To Ponder: What Has Your Attention?
Ever heard of the Great Book Scare?
It’s a timely example of the impact of misguided attention. And it (almost) killed off public libraries in the early 20th century.
In 1895, Jessie Allan, a popular and well respected librarian in Nebraska died of tuberculosis. Any other time, and other other place, no one would have taken a second moment to consider it.
But this was different.
Late in the 19th century there emerged an idea that was slowly gaining traction: the idea that ‘books could carry disease’. Allan’s death was the nail in the coffin; the grim poster child of ‘disease carrying books’.
The news quickly spread via the media, as did the fear.
And so began the Great Book Scare.
Medical experts from all across the world were consulted. Their advice of “well, it is possible she could have caught it from the book” further reinforced the panic. After all – who knows what sickness the person who borrowed the book before you had?! Concern was so high that the UK amended its Public Health Act in 1907 to include fines for lending or returning library books when you had an infectious disease. Libraries worldwide were expected to disinfect their books using a number of complex chemical solutions.
Needless to say, library patronage took a nosedive.
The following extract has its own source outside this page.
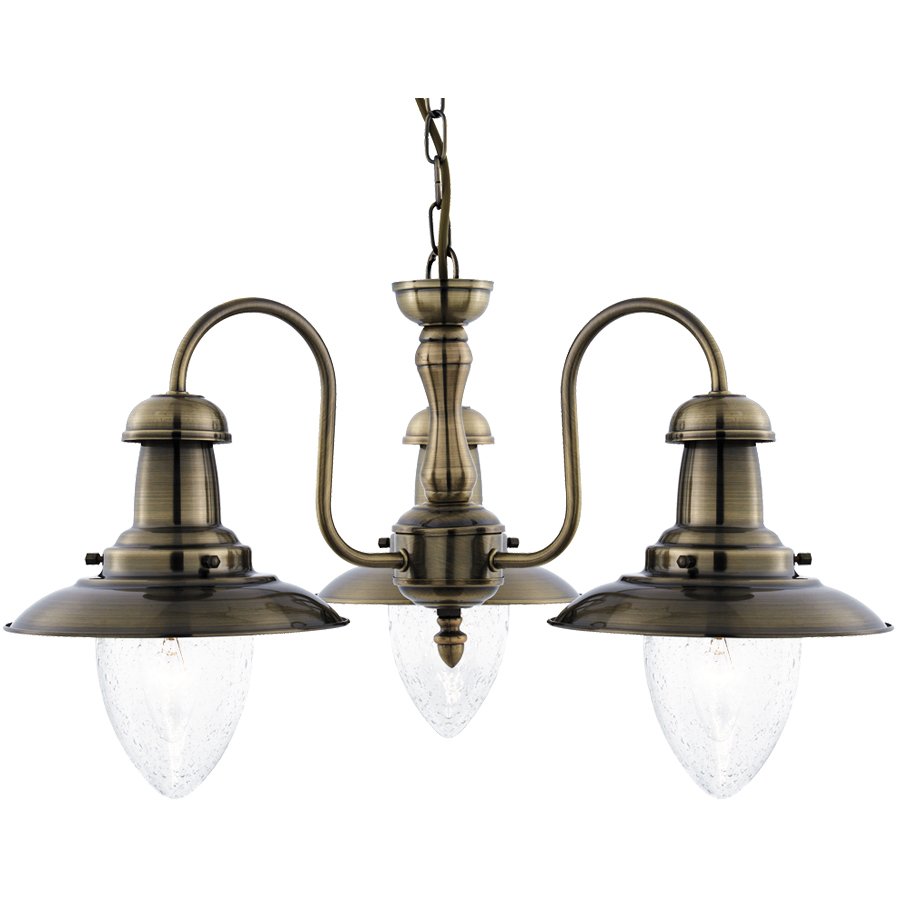 

Люстра Arte lamp A5518LM-3AB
Eventually reason took hold around 1914 when it became clear that the stats just weren’t supporting the theory. However, the idea lingered for a further 30 years, with medical professionals in the 1940s continuing to debate the merits of books carrying disease.
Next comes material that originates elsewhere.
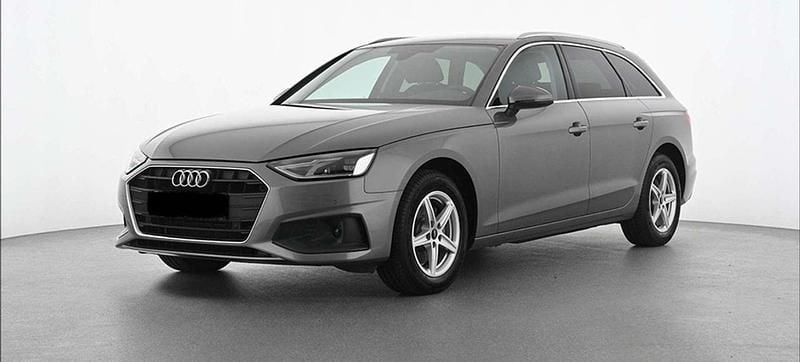 Gebraucht Audi A4 163 PS (119 kW) 2022 Grau Kombi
And that’s the thing. Attention is powerful. Attention creates action.
Everyday we are all following the latest COVID19 numbers across the country. For good reason. Our lives are affected by the ongoing lockdowns, vaccination rates, and variants of this nasty family of viruses.
It has our attention.
Certainly COVID19 deserves our attention (although – perhaps not 24 hours a day. No one needs to live with that kind of constant anxiety).
Yet, how often are we consciously deciding where our attention lies? And even more powerfully – where the attention of your organisation should be.
So, change leader,
How are you leveraging the power of attention?